If Gov. John Hoeven didn't know that at the time he signed off on the
pheasant-season proposal, he certainly knows it now. Ditto for the
higher-ups in the North Dakota Game and Fish Department.

Familiar message

I'm a born-and-raised Minnesotan and even though I now live in
Grand Forks, I still do most of my hunting and fishing on the east
side of the Red. In other words, I don't feel I have a deeply seated
stake in the North Dakota pheasant issue.

I do, however, feel I have a stake in the viewpoints of Herald
outdoors page readers. And when they tell me they feel as if they've
been left out of the pheasant-season process, that neither Hoeven
nor the Game and Fish Department gave them a chance to voice
their concerns, I have an obligation to help get that message across.

It's a message I've heard on numerous occasions.

That's why we've covered the pheasant issue so extensively in the
Herald. And why we'll continue to devote efforts to covering not only
"Pheasantgate" and its eventual outcome (which remains uncertain),
but also access and other North Dakota hunting issues. For proof,
check out the four-part series on access that begins today on Page
1A. The series will continue each of the next three Sundays.

The upcoming round of Advisory Board meetings is a good thing,
because resident hunters - and anyone else with a stake in the
pheasant issue - will have a chance to be heard.

Lessons for future

But I also hope the shapers of outdoors policy in North Dakota learn
from the pheasant-season process. Communication wasn't as good
as it should have been, and that's why so many critics of the
pheasant plan have cried foul.

If communication had been better, the upcoming special round of
meetings wouldn't be necessary. Hunting and fishing license dollars
wouldn't have to be used to pay for two Game and Fish officials -
most likely director Dean Hildebrand and deputy director Roger
Rostvet - and a representative from the governor's office to travel
the state. Or pay for the $623 plane ticket to fly Ken Toop, an
advisory board member from Casselton, N.D., back to North Dakota
from a winter vacation in Arizona.

All told, the upcoming round of special meetings will cost about
$4,000 by the time the smoke clears, according to Paul Schadewald,
chief of the Game and Fish Department's Administrative Services
division.

Considering the scope of the issue, that's probably a bargain.

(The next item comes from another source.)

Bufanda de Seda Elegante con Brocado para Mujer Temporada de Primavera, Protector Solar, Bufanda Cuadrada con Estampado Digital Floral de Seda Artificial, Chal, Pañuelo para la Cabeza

Now it's up to residents of the state, regardless of their viewpoints,
to attend the meetings and make their feelings known. Game and
Fish will use that input to make a recommendation on the pheasant
season. And the governor, to his credit, has said he'll take that
recommendation to heart.

As the old saying goes, better late than never.

Dokken covers the outdoors. He can be reached at 780-1148; (800)
477-6572, extension 148; or bdokk


----------



## KEN W (Feb 22, 2002)

Fetch...There is an article in the Minot Daily News today by Jim Miller.I went to their site but can't find it or I would put it here.The first meeting is in Minot tomorrow night.He makes some very good points.Basically saying if it's votes that matter,then it is time to stand up and be counted.


----------